### GIVEN RECORDS
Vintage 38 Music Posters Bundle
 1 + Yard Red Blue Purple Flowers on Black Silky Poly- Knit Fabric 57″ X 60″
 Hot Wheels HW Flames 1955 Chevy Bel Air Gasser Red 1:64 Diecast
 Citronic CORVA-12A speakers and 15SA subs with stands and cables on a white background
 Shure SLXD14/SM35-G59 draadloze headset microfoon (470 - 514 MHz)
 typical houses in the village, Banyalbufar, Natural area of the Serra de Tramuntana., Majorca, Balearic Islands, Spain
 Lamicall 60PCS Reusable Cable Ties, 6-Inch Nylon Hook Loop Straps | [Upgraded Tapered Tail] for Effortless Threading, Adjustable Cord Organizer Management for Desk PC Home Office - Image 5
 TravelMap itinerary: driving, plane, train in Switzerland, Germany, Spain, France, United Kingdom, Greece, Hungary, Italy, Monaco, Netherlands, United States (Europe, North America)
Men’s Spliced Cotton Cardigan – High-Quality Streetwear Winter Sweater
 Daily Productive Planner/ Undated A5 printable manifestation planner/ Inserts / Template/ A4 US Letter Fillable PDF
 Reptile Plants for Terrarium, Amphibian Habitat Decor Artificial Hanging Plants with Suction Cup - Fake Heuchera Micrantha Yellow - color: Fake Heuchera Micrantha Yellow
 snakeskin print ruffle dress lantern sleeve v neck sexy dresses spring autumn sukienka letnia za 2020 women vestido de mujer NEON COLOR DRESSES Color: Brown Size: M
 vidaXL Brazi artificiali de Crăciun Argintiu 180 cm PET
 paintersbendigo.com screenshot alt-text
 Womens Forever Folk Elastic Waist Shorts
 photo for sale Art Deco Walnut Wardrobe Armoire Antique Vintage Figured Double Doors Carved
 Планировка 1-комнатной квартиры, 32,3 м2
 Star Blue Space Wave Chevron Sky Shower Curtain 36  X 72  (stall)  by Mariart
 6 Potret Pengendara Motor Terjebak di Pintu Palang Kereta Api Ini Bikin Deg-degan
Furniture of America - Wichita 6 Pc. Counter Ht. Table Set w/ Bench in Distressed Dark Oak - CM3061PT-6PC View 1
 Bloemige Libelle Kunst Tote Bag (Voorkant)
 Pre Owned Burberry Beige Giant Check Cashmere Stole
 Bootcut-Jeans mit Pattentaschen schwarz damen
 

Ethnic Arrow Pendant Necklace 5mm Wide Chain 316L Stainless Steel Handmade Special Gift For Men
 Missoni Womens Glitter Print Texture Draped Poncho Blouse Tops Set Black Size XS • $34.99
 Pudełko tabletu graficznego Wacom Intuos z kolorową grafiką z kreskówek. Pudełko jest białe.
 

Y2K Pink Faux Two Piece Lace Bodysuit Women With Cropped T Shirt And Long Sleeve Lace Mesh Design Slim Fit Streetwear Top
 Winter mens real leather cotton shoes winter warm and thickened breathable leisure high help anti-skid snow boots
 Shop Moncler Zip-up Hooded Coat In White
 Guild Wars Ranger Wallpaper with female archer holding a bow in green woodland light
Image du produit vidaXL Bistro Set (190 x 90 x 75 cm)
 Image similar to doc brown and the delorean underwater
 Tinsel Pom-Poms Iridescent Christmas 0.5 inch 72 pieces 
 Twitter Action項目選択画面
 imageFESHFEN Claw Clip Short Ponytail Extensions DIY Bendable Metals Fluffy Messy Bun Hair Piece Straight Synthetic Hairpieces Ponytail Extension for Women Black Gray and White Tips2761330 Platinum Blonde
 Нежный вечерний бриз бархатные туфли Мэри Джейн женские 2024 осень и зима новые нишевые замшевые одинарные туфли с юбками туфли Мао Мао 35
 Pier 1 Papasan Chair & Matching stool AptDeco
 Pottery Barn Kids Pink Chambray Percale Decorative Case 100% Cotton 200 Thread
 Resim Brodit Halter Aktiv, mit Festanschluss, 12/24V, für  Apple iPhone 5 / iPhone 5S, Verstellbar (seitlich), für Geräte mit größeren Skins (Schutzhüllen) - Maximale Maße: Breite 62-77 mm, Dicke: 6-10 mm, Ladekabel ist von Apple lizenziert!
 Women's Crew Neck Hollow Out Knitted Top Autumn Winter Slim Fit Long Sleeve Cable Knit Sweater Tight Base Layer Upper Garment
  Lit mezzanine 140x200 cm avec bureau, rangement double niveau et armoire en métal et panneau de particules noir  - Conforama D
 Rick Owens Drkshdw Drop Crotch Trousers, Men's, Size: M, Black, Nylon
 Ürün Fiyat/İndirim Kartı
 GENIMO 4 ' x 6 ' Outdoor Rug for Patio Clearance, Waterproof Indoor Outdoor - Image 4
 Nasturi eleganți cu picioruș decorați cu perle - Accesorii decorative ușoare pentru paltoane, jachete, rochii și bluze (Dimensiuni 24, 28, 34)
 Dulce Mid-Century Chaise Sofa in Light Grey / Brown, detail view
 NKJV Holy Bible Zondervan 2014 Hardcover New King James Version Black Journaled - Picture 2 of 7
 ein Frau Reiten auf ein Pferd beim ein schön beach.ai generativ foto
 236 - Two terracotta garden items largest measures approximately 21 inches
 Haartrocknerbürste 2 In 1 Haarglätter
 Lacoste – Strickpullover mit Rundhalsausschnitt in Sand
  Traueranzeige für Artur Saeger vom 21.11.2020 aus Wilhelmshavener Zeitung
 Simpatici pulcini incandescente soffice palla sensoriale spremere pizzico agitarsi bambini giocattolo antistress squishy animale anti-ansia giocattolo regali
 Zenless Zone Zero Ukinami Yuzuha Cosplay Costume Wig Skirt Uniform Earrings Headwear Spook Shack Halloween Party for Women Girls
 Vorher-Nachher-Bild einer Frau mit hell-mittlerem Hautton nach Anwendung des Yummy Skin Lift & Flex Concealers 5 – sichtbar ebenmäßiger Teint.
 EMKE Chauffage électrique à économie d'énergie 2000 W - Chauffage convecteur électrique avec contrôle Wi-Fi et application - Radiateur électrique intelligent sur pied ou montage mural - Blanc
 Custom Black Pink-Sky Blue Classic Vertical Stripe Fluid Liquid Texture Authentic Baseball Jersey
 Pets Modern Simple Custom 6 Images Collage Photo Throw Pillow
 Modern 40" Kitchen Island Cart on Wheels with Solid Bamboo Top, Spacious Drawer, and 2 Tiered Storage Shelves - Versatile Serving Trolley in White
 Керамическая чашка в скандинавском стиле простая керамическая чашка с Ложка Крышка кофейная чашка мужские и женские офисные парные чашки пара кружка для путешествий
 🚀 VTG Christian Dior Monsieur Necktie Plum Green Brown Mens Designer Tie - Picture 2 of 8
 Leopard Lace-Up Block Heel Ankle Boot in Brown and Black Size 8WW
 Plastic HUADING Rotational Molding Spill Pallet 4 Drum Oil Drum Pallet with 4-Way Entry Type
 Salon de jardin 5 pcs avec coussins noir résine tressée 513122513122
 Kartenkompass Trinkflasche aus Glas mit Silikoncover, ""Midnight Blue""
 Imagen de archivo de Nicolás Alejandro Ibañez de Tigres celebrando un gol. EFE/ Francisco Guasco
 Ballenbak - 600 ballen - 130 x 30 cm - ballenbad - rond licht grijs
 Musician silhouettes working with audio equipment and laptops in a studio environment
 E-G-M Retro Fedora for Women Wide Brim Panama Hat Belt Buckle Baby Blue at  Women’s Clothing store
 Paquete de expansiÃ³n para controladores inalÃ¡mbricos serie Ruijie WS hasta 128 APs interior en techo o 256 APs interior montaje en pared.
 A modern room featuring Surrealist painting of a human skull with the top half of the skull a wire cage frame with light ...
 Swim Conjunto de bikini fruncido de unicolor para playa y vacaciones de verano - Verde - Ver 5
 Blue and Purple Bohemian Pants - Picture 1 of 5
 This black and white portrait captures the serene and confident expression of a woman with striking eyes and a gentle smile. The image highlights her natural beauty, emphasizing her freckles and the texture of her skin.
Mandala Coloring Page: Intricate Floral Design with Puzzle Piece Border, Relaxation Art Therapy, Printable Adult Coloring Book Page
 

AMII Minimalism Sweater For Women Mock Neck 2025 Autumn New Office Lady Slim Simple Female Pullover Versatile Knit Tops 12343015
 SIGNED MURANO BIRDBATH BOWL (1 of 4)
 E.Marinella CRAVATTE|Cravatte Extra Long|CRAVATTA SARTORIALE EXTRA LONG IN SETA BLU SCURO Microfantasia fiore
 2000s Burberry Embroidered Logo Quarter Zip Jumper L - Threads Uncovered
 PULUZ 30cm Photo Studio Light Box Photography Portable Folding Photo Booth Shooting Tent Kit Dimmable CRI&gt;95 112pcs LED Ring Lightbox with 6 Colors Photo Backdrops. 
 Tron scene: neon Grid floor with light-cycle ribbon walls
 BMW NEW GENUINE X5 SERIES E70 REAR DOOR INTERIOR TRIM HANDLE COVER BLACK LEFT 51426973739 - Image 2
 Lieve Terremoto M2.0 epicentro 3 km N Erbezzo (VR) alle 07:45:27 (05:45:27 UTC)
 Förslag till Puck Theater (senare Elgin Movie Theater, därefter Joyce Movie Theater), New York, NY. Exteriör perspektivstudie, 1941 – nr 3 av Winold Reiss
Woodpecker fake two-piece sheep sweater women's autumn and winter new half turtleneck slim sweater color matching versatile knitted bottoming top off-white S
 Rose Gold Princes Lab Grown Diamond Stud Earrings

### AIM OF THE EXERCISE
All lines above from the one with "Kartenkompass Trinkflasche aus" to the one with "E-G-M Retro Fedora", inclusive, should be copied exactly, and no other lines.

### RESPONSE FOR THIS EXERCISE
 Kartenkompass Trinkflasche aus Glas mit Silikoncover, ""Midnight Blue""
 Imagen de archivo de Nicolás Alejandro Ibañez de Tigres celebrando un gol. EFE/ Francisco Guasco
 Ballenbak - 600 ballen - 130 x 30 cm - ballenbad - rond licht grijs
 Musician silhouettes working with audio equipment and laptops in a studio environment
 E-G-M Retro Fedora for Women Wide Brim Panama Hat Belt Buckle Baby Blue at  Women’s Clothing store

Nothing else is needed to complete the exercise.